Teaching math to your children is as easy as 1+1=2. Go beyond pencil and paper to make math a learning experience that’s fun for you and your kids. These quick and easy strategies help you teach your kids math and will turn them into mini mathematicians.
Teaching math begins with your child knowing numbers. You can help them learn to count with the same strategies you’ll be using to teach them math.
Children may respond better to memorizing numbers you repeat or may pick up numbers by seeing you count objects from one to ten. A method that may work for one of your children might not be right for another. Gauge each child individually.
Once your child begins counting, you’re ready to start with some basic math principles. They’ll be adding and subtracting before you know it.
You already have everything you need to begin teaching math to your child. Buttons, pennies, money, books, fruit, soup cans, trees, cars — you can count the objects you have available. Math is easy to teach when you look at all of the physical objects you can count, add, subtract, and multiply.
Everyday objects also help you teach your child that objects don’t have to be identical to be important in math. Counting apples is a great math lesson, but counting apples, oranges, and watermelons together expands the thought process.
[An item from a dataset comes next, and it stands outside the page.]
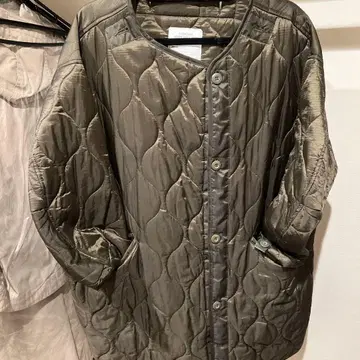 극한용 올리브색 퀼팅 자켓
The child is connecting counting with various objects, instead of running through a routine numbers game of 1, 2, 3.
There are plenty of games on the market that promise to aid you in teaching math. Hi Ho Cherry-O and adding dice teach simple addition. The game Chutes and Ladders introduces children to the numbers 1 to 100.
Advanced math board games come and go, so check stores for today’s hot games. Classics like Yahtzee, PayDay, Life, and Monopoly are always good resources for addition and subtraction.
Some of the best math games come from your own imagination. Play a math scavenger hunt. Use chalk to scribble numbers on the driveway and quiz your kids with math questions they have to answer by running to the correct number. Begin basic counting skills with blocks. Math can become an activity they enjoy rather than an educational drill.
Soft cookies make excellent teaching tools. While you can count the cookies you bake for simple math, a fresh batch is also perfect for teaching fractions.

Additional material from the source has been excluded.